Era de esperar, al final se cumplieron los pronósticos y ha saltado la gran polémica. Toros sí, toros no. Ayer, el Parlamento de Cataluña decidió prohibir las corridas de toros en todo el territorio catalán. Todos los aficionados, ganaderos, toreros y demás personas ligadas a la denominada “fiesta nacional”, han montado en cólera por esta decisión de los parlamentarios de prohibir lo que para algunos es Arte, Cultura y seña de identidad española y para otros simplemente maltrato, tortura y violencia hacia un animal, en este caso, el toro.
Pero Cataluña no es la primera comunidad autónoma que prohíbe las corridas de toros, ya en 1991, Canarias, fue la pionera en legislar sobre este asunto con la Ley Canaria de Protección de Animales, que descartaba los espectáculos sangrientos con animales.

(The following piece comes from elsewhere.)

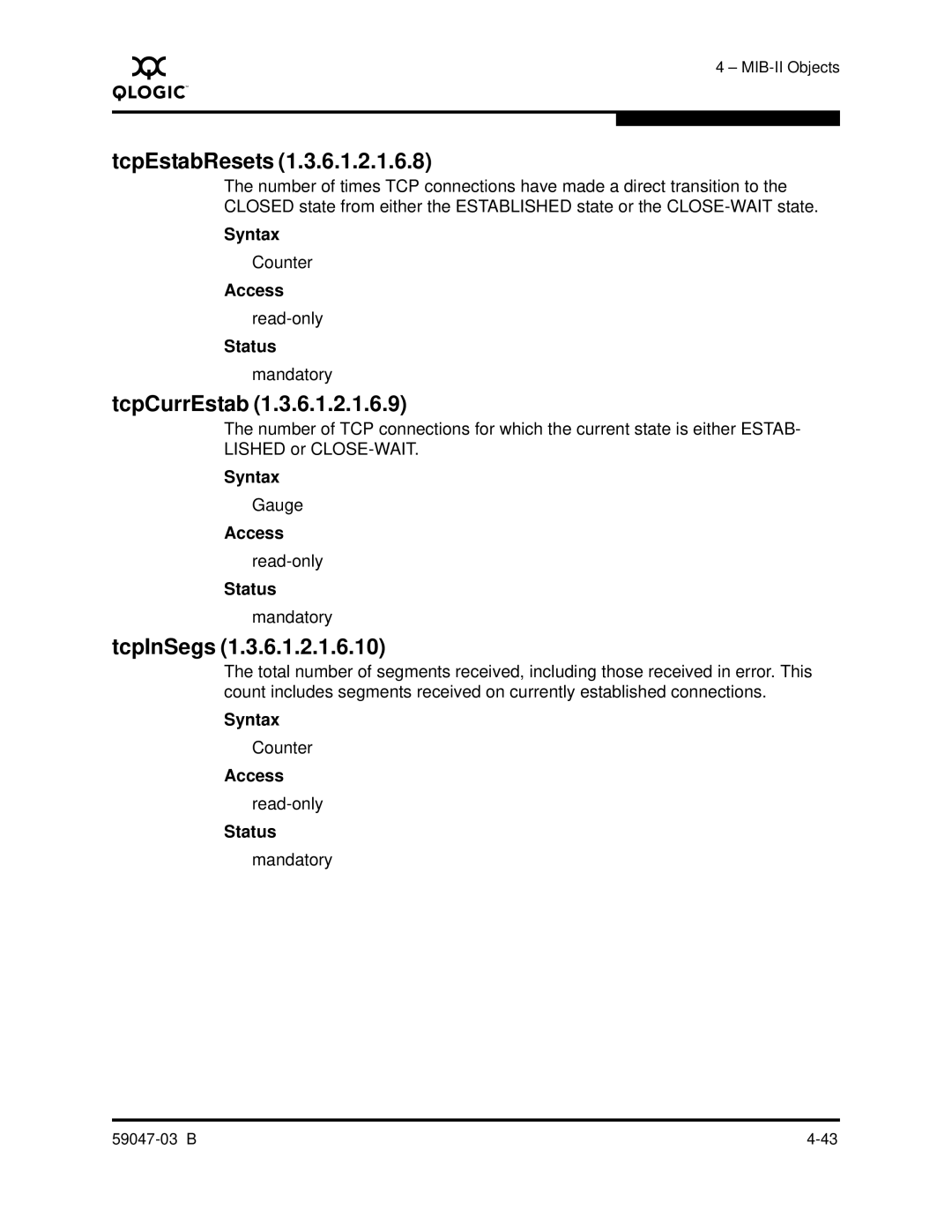 Q-Logic SANBOX2 manual TcpEstabResets, TcpCurrEstab, TcpInSegs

Los aficionados taurinos aseguran que el toro no sufre en la plaza, que el toro ha nacido para eso y no tiene otra función que la de ser lidiado en el albero y el de divertir al público asistente. Sin embargo, el sector antitaurino, defiende la teoría de que el toro es un animal, como el Hombre, y que por lo tanto siente y sufre como el que más. Yo, particularmente siempre he opinado que los animales no deben de servir como entretenimiento ni como diversión para el Hombre. No soporto a la gente que defiende la violencia gratuita en cualquiera de sus diferentes formatos. Al igual que se prohíbe ahora el lamentable espectáculo de las corridas de toros, también se debería legislar la utilización de animales en los circos y en otros espectáculos donde los animales son utilizados como diversión, con el maltrato animal que en la mayoría de los casos conlleva.

Comprendo que, y siguiendo con el tema taurino, haya quienes echen de menos ir a las plazas a ver como un tipo vestido de no se sabe qué, marea a un toro, maltratándolo hasta su muerte. Yo recomendaría a esas personas, que no se preocupen, que en vez de a los toros vayan al teatro o al cine, y si esos espectáculos les aburren, prueben con el fútbol, que ahí no se maltrata a nadie (bueno, a veces al árbitro).